Given material:
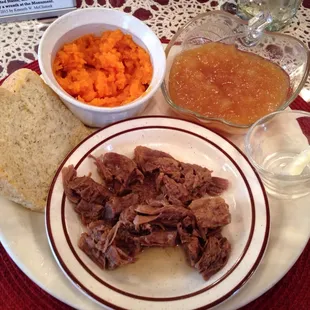 Buffalo dinner with sweet potatoes and homemade apple sauce. Very tasty!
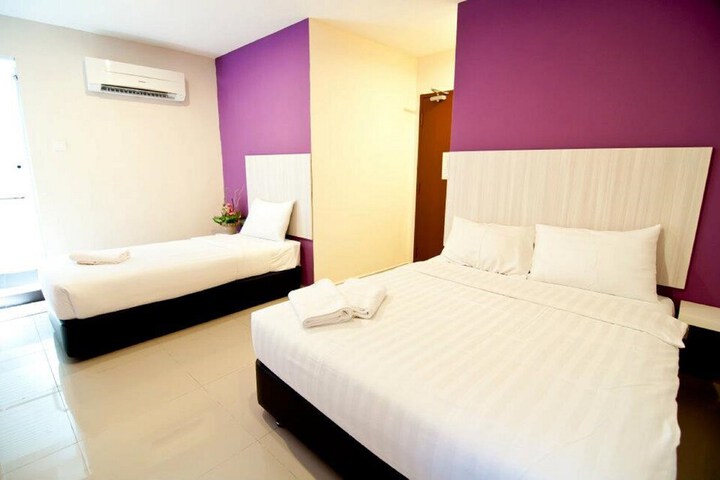 Room 11 of 41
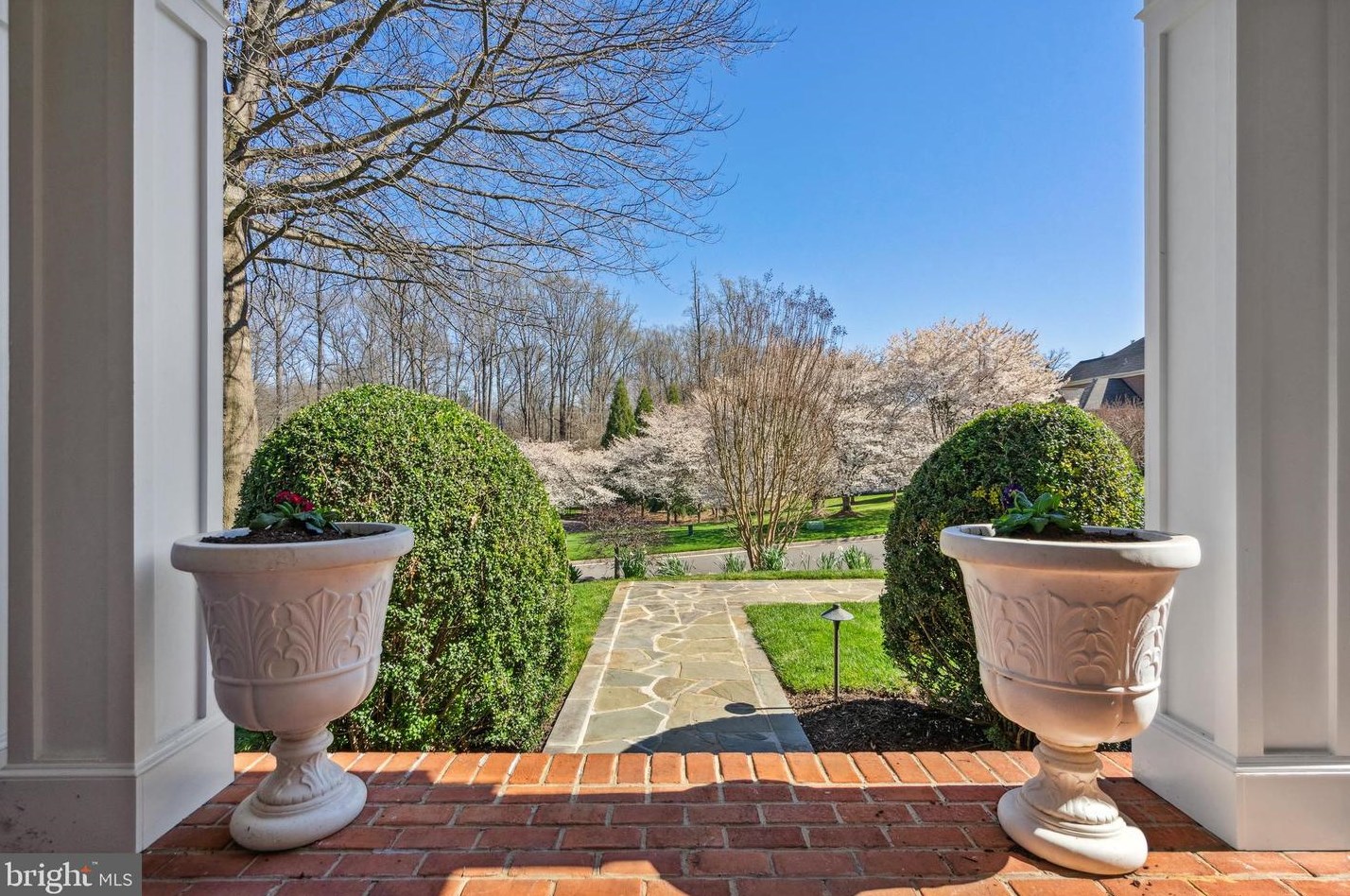 2910 Fox Mill Manor Dr, Vienna VA  22124-1246 exterior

What to produce:
Return the whole listing word for word. Pictures stay out of it.

Result for this task:
 Buffalo dinner with sweet potatoes and homemade apple sauce. Very tasty!
 Room 11 of 41
 2910 Fox Mill Manor Dr, Vienna VA  22124-1246 exterior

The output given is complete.